Status:
Active hardware manufacturer.
Overview of Organization:
Meiko Scientific was founded in 1985 after
Inmos management recommended a delay in the introduction of the transputer. The
transputer development team headed by Miles Chesney resigned from Inmos and
formed Meiko to exploit the new parallel processing technology. Nine weeks later
they demonstrated a transputer system at the SIGGRAPH graphics trade show in San
Francisco in July 1985. The Computing Surface which developed from it became
commercially available in 1986.
Meiko currently has more than 100 employees in its Bristol Research and
Development centre, and offices and distributors throughout Europe, Asia and the
United States.
Important customers/end users for Meiko are Shell Exploration and Production;
British Aerospace; Chemical Design; Defense Research Agency Malvern, and Applied
Geophysical Software and the UK Atomic Energy Authority
Meiko have produced a range of products from workstation add-on boards to
large stand-alone parallel systems with hundreds of processors.
Platforms Documented:
Contact Address:
Meiko
Reservoir Place
1601 Trapelo Road
Waltham MA 02154, USA.
Tel (617) 890 7676
Fax (617) 890 5042
or
Meiko
650 Aztec West
Almondsbury
Bristol BS12 4SD, UK.
Tel 0454 616171
Fax 0454 618188
See Also:
Meiko's own WWW server.
The Meiko Computing Surface
Overview of Platform:
The original Computing Surface from Meiko was
built from a large number of transputer processing nodes. These nodes could be
connected together to form logical processing domains to give each user a
dedicated resource from the pool of nodes in the whole machine. The original
computing surface was solely built from Transputers, but now more exotic
``flavours'' are available and both SPARC and i860 nodes may be intermixed to
form a heterogeneous system. See the description of the Concerto
below.
The Computing Surface was first known as just the "CS" but is now sometimes
referred to as Meiko's CS1 in contradistinction to their CS2 product. The
operating system for the early CS models was a UNIX like subset known as MeikOS.

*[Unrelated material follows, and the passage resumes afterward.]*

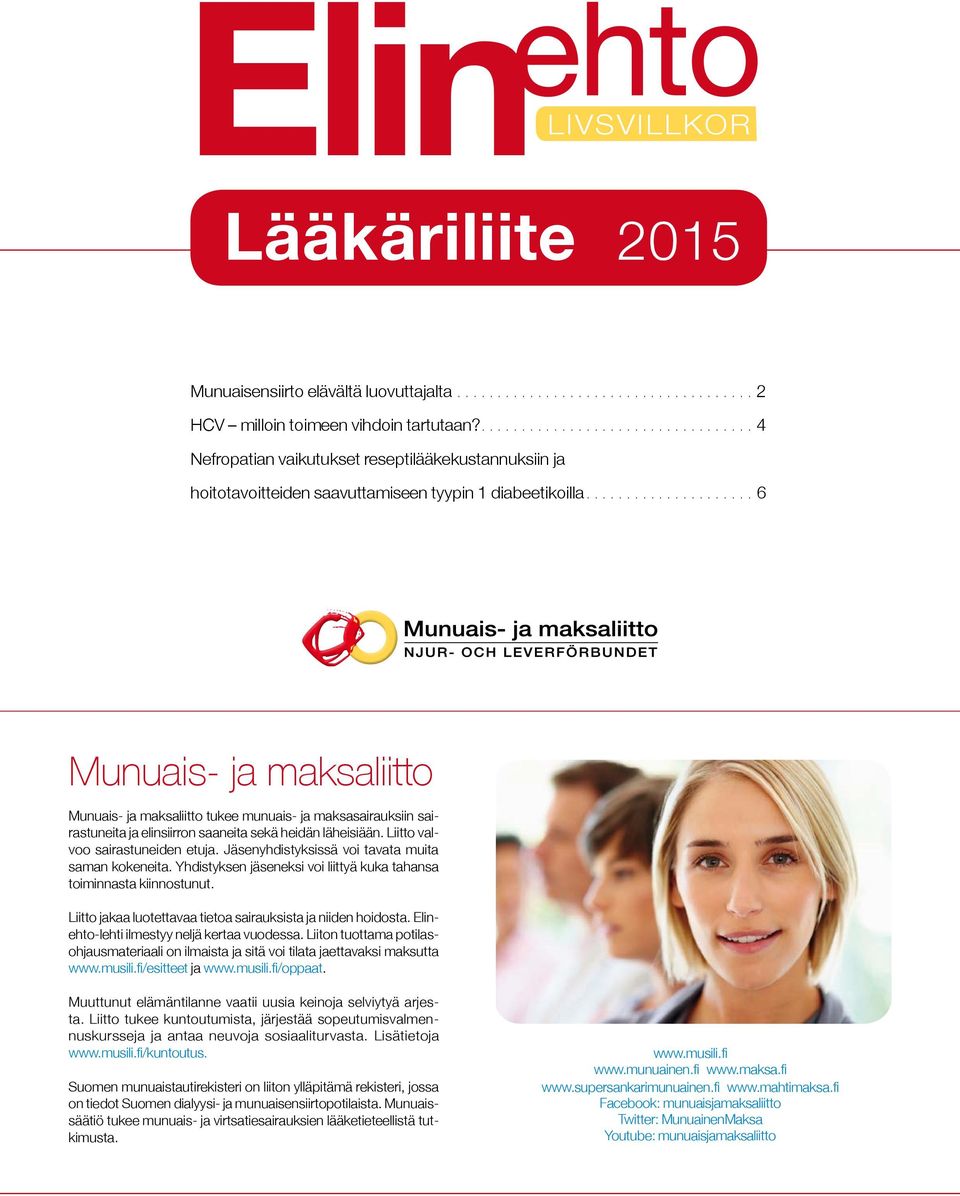 ...6 Munuais- ja maksaliitto Munuais- ja maksaliitto tukee munuais- ja maksasairauksiin sairastuneita ja elinsiirron saaneita sekä heidän läheisiään. Liitto valvoo sairastuneiden etuja.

Meiko quickly realised the advantages of using a pre-existing operating system
with which their customer base would be more familiar, and provided a version of
SunOS. Later models of the CS also provided a Sun compatible host or front end
processor. A number of boards were provided which allowed a CS to be mounted on
a Sun workstation and latterly, as a stand alone machine with a SPARC node as an
internal "log-on" module.
The early CS was difficult to debug, but later models were provided with tdb,
a transputer debugger, and pdb, and more general parallel debugger.
Compute Hardware:
The CS was purchased as a cabinet and power supply and
a kit of boards and software modules that could be configured to customer
requirements. Each board had at its heart a transputer, and the original MK009
compute board and MK015 graphics board each had T414 integer transputers as the
node CPUs. When the T800 series of floating point transputers became available
from Inmos, Meiko supplied a range of compute, mass storage, interface and
graphics boards.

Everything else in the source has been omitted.